If `subproject` is omitted, the server picks the first subproject that
defines a non-empty command for the requested recipe kind.
### `crafting_table_get_job`
```jsonc
// args:
{
"job_id": "<uuid>"
}
// returns: two content blocks:
// [0] plain text — short summary (status, exit_code, last 30 log lines)
// [1] JSON — {"job": {...}, "log_tail": [...]}
```
The two-block layout means the LLM consumer sees the prose summary directly
without having to parse JSON, while tool-calling agents that want to
introspect can still get the full structured response from the second
block.
### `crafting_table_get_findings`
```jsonc
// args:
{
"job_id": "<uuid>"
}
// returns: two content blocks:
// [0] plain text — short summary ("3 finding(s). by severity: warn=2, high=1. by kind: lint=2, cve=1.")
// [1] JSON — {"findings": [{kind, severity, file?, line?, code?, message, suggested_fix?}, ...]}
```
Each finding has `{id, job_id, kind, severity, file?, line?, code?,
message, suggested_fix?, fingerprint, created_at}`. Empty list means
either the job had no issues OR there's no parser yet for the language —
check `crafting_table_get_job` for `exit_code` to disambiguate.
### `crafting_table_draft_patch`
```jsonc
// args:
{
"job_id": "<uuid>", // required
"finding_id": 42 // optional; if omitted, drafts patches for all open findings
}
// returns: {"ok": false, "pending": true, "message": "draft patch — not yet implemented (lands in wave 3 / step 9)"}
```
**Wave 2B stub.** The tool surface is callable today so MCP clients that
cache tool catalogues don't have to re-handshake when wave 3 ships. No
patch is drafted right now — the message says so explicitly. Once wave 3
lands, the server will:
1. Pull the finding(s) off the job
2. Send them to clawdforge with the project context
3. Get back a unified diff
4. Apply in a worktree, re-run the failing recipe
5. If it passes, push to a `crafting-table/auto/<finding-id>` branch and
open a Gitea PR
## Testing
```sh
pip install -e 'mcp[test]'
python -m pytest mcp/tests
```
The tests stub out the HTTP layer with `responses` — no live crafting-table
required.
## Operational notes
- **stdout is sacred.** The MCP transport pipes JSON-RPC frames over
stdin/stdout. Any stray `print()` in the server process corrupts the
stream. All diagnostics go to stderr via the `crafting_table_mcp` logger.

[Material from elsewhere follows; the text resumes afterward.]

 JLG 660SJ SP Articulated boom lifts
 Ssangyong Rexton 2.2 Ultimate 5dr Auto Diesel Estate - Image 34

- **Errors are wrapped, not raised.** Auth failures, transport errors,
upstream 502s — all get formatted into a single short `crafting-table
error: ...` text content with `isError=True`. Callers see a clean message,
not a Python traceback.
- **Sync calls under async.** The MCP SDK is asyncio; our HTTP client is
blocking `requests`. Each tool offloads to `asyncio.to_thread` so a slow
HTTP call doesn't stall heartbeats.
- **404 hints.** When a tool surfaces a 404 (project or job not found),
the wrapper appends a hint pointing the LLM at
`crafting_table_list_projects` so it can self-recover.
## Why this exists
crafting-table centralizes the polyglot build/audit toolchain on one LAN
host so every Sulkta repo doesn't need each agent to ship its own swift /
rust / dotnet / php toolchain. MCP is the natural integration layer — any
MCP-aware client (Claude Desktop, Claude Code, Cursor, Zed, custom agents)
can now treat crafting-table as a native tool surface. Spec lives at
`memory/spec-crafting-table.md` in the openclaw-workspace repo (LAN-only).